In the first quarter of 2017 revenue of Tiga Pilar Sejahtera Food fell 12.3 percent year-on-year (y/y) to IDR 1.46 trillion (approx. USD $109.8 million), particularly because the company's rice sales fell 17.2 percent (y/y) due to falling demand from Bulog, Indonesia's state food procurement body.
The management of Tiga Pilar Sejahtera Food earlier said to expect net profit to fall 15.3 percent (y/y) in full-year 2017 to IDR 502.5 billion, primarily due to weakening rice sales. However, this may be a too rosy forecast according to UOB Kay Hian Sekuritas.

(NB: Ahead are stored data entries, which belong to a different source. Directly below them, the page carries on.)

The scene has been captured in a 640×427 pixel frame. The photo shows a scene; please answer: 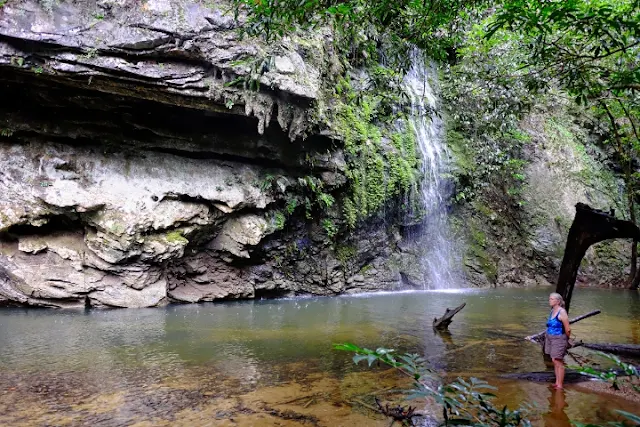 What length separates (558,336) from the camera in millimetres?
5453

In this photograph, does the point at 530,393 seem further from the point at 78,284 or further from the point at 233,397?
the point at 78,284

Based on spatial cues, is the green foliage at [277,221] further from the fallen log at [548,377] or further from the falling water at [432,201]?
the fallen log at [548,377]

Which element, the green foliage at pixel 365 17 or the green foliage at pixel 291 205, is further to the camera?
the green foliage at pixel 291 205

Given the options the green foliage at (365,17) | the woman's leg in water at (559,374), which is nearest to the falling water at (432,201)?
the green foliage at (365,17)

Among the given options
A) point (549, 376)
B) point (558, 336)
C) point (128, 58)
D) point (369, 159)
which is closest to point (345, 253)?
point (369, 159)

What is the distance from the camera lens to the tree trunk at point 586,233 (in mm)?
6203

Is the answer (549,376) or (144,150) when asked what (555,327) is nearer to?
(549,376)

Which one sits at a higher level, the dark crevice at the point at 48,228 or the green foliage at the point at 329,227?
the green foliage at the point at 329,227

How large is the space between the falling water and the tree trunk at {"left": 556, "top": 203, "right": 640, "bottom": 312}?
33.1ft

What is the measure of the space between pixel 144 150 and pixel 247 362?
8.05m

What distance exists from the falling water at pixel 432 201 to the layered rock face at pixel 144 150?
4.77m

A positive development, however, is that one of Tiga Pilar Sejahtera Food's subsidiaries is scheduled to conduct an initial public offering (IPO) on the Indonesia Stock Exchange at the end of the year. Dunia Pangan, the rice unit of Tiga Pilar Sejahtera Food (which is able to produce up to 480,000 tons of rice per year), plans to offer 20 percent of its enlarged capital to the public. This IPO should also give a boost to demand for shares of Tiga Pilar Sejahtera Food.
Regarding the long-term, the outlook for Tiga Pilar Sejahtera Food remains positive. UOB Kay Hian Sekuritas set the target price of the company's shares at IDR 2,050 a piece (reflecting a price-to-earnings ratio at 12.9, entry level at IDR 1,800).